## Work instructions
Return nothing but the lines from the one containing "Modway Adorn Dining" through the end of the records below, exactly as they stand and without pictures.

---------- Records provided ----------

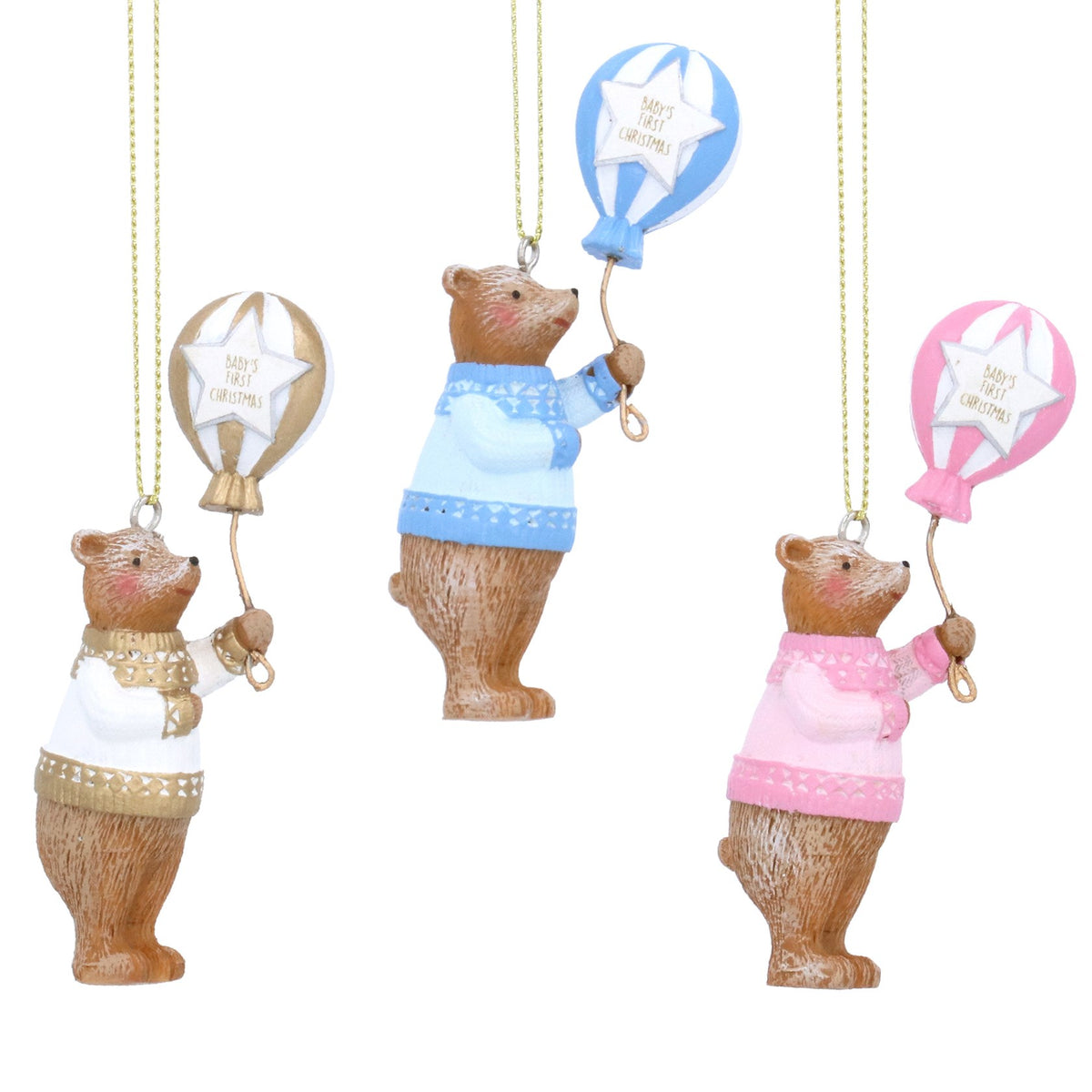 Gisela Graham - Resin Baby's First Christmas Teddy with Balloon Hanging Decoration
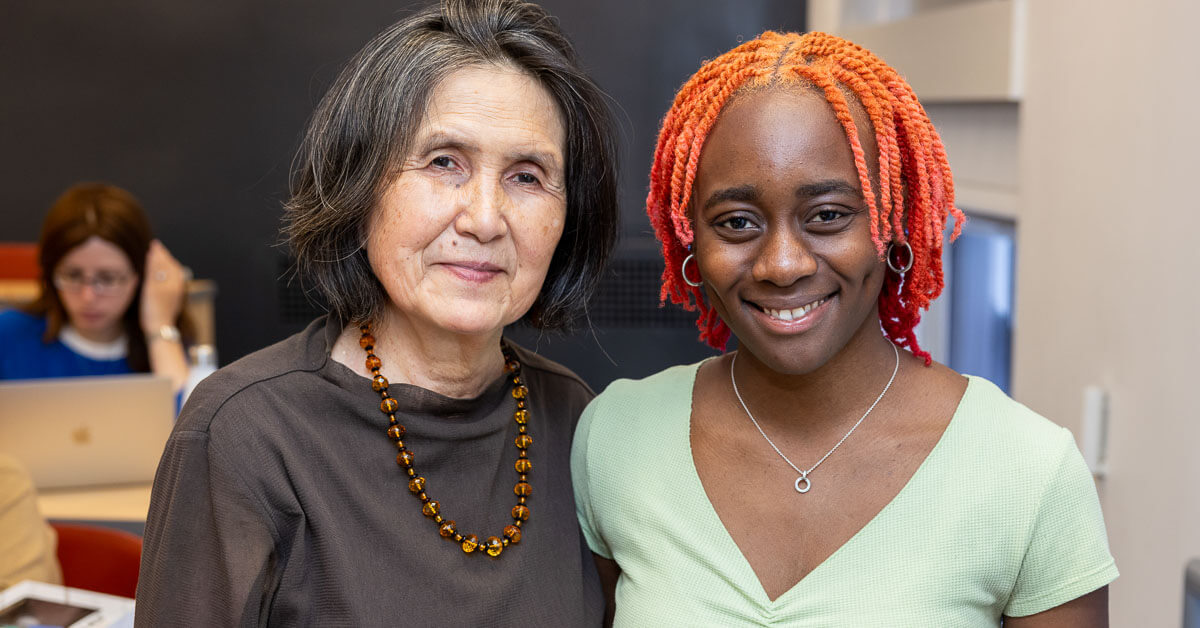 Mentor and Assistant Professor in Health and Nutrition Sciences Kiyoka Koizumi with mentee Rhema Mills. Their research looks at similarities in maternal mortality and midwifery between Black women and indigenous Ecuadoreans.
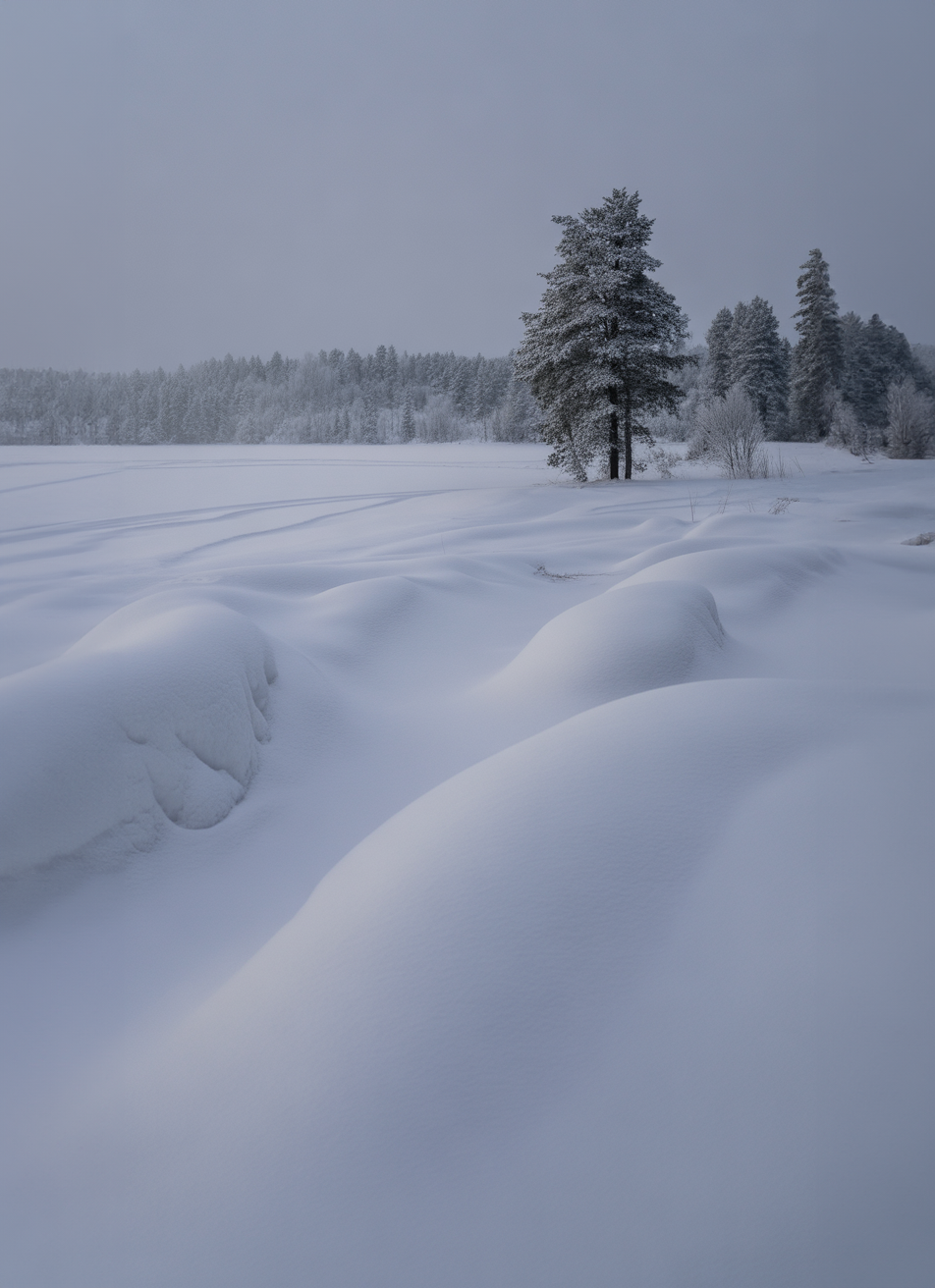 Snow-covered winter landscape with trees and gentle hills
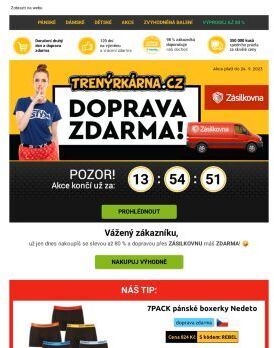 Slevy až 80 % a doprava ZDARMA 🚚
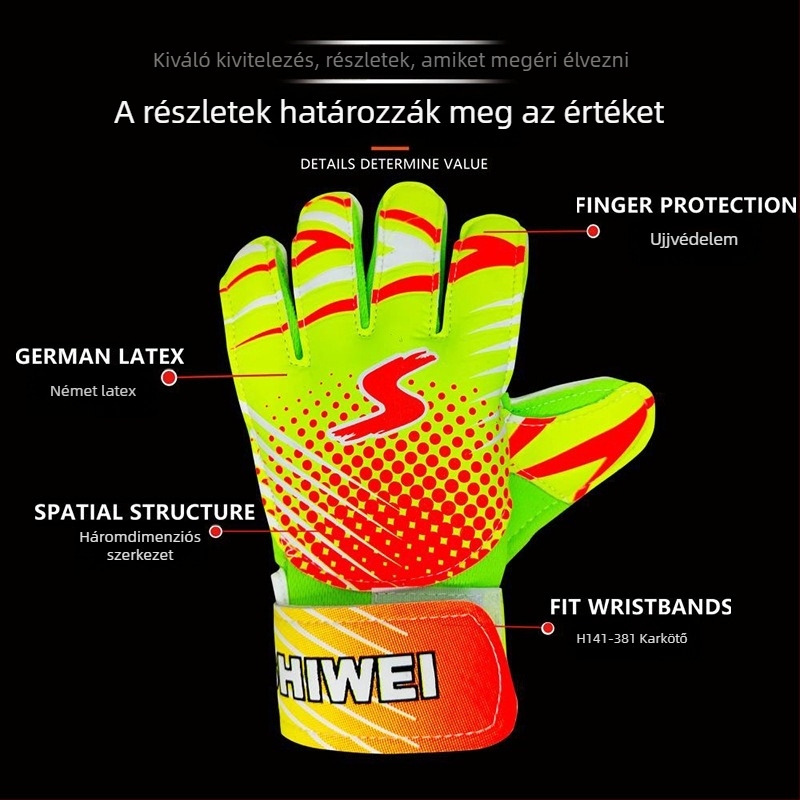Gyerekek futballkapus kesztyűje ujjvédővel, teljes latex, csúszásmentes fogás edzéshez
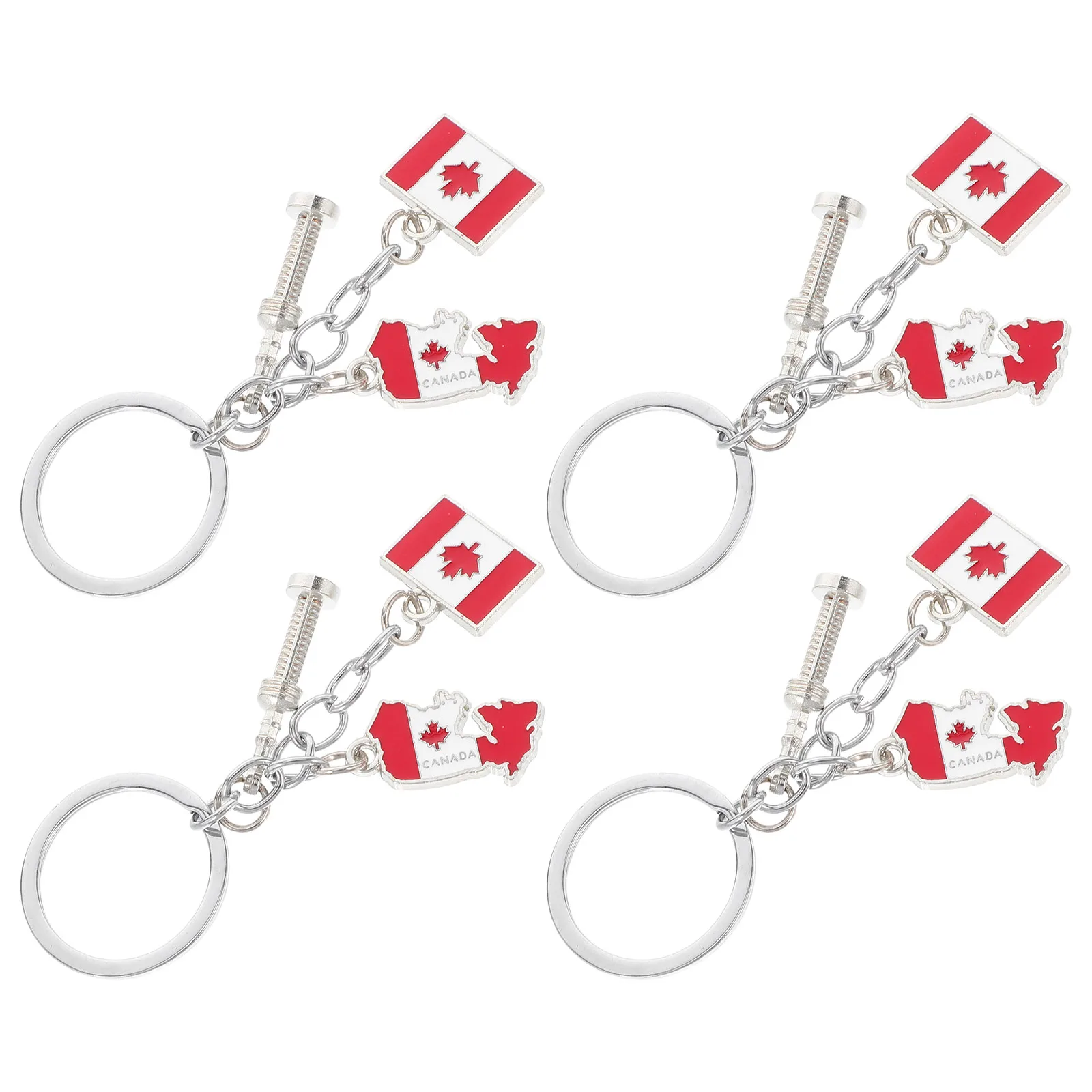 

4pcs Maple Leaf Keychain Charm Material Canadian Design Party Favors Versatile Use National Day Handbag Pendant Leaves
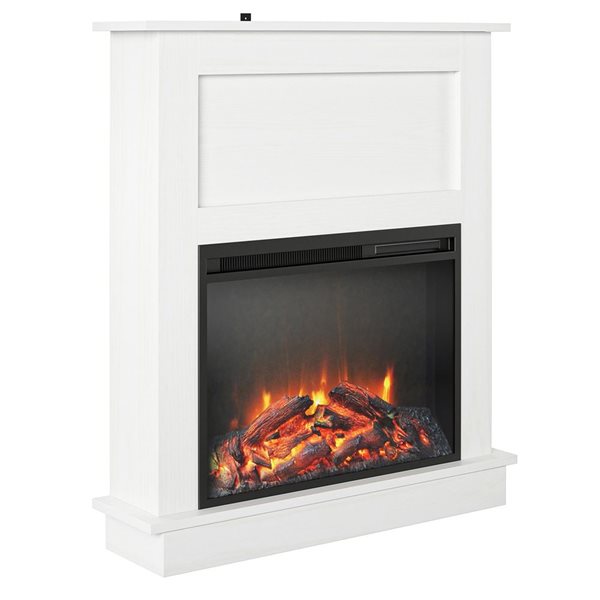 Ameriwood Home Ellsworth White Electric Fireplace with Mantel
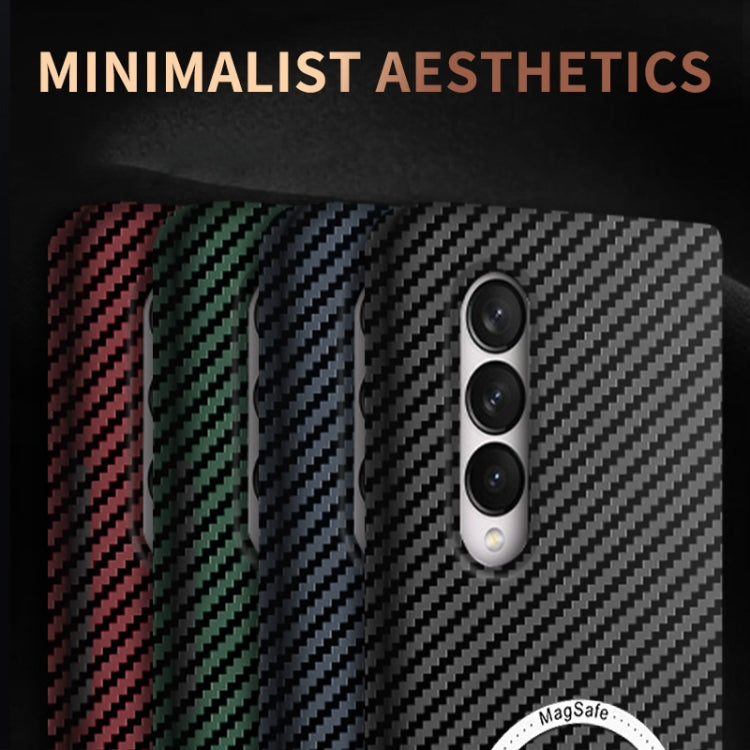 For Samsung Galaxy Z Fold3 5G Carbon Fiber Texture MagSafe Magnetic Phone Case(Black Silver) by buy2fix
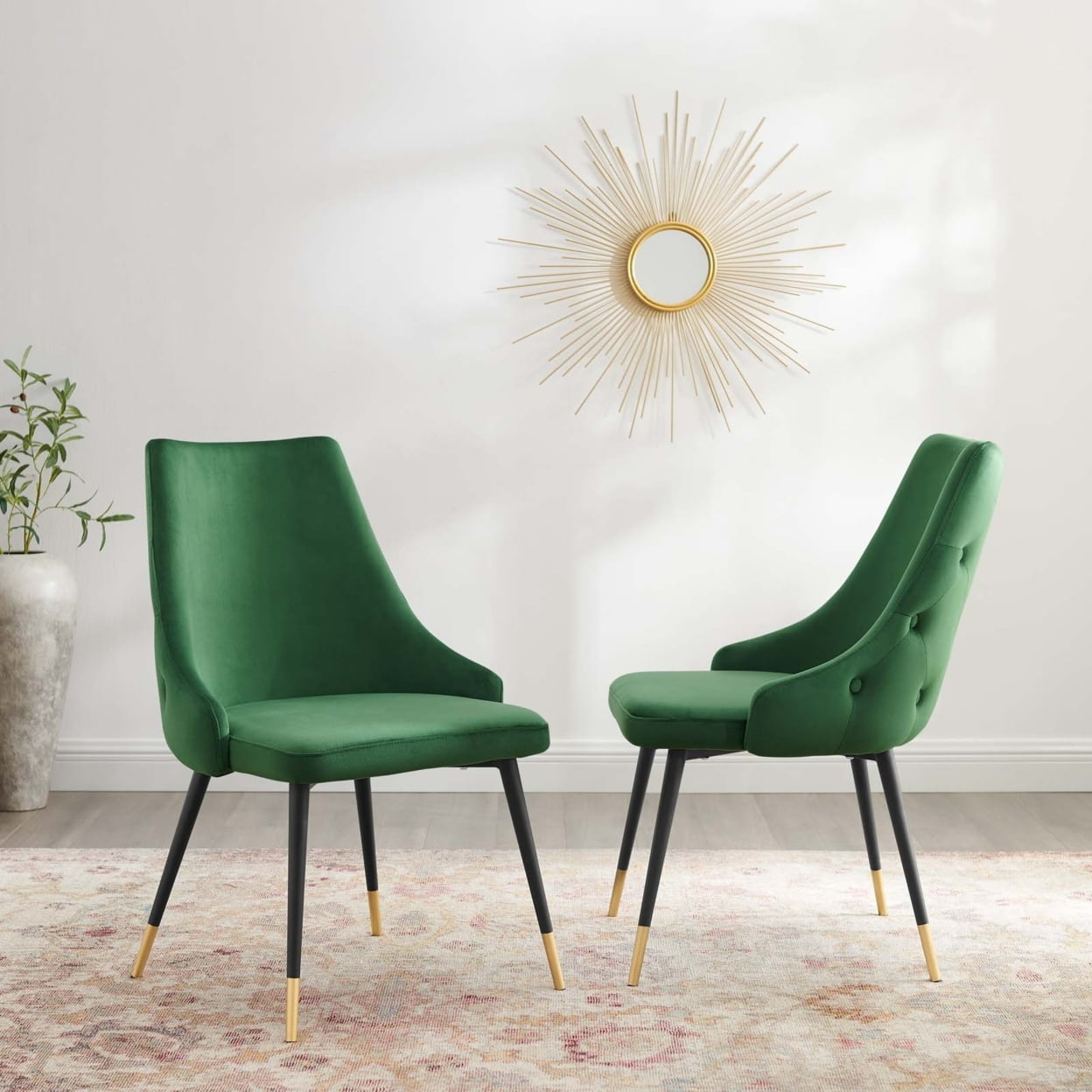 Modway Adorn Dining Side Chair Performance Velvet Set of 2 in Emerald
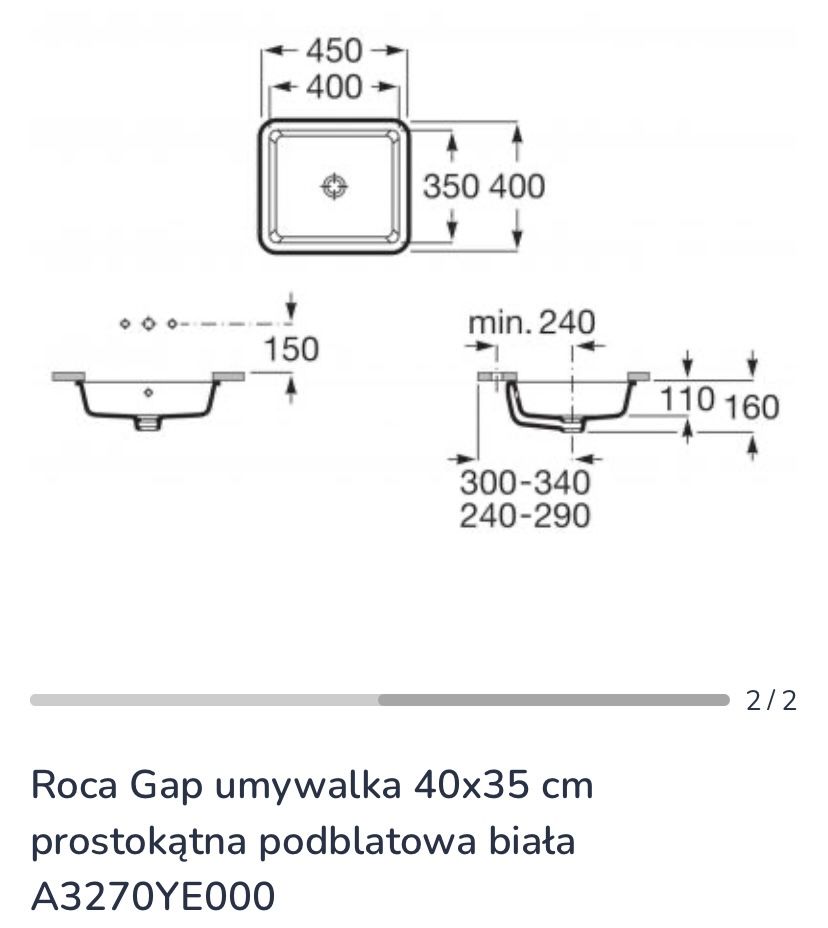 Roca gap mała umywalka podblatowa 40x35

----------

## Exercise output
 Modway Adorn Dining Side Chair Performance Velvet Set of 2 in Emerald
 Roca gap mała umywalka podblatowa 40x35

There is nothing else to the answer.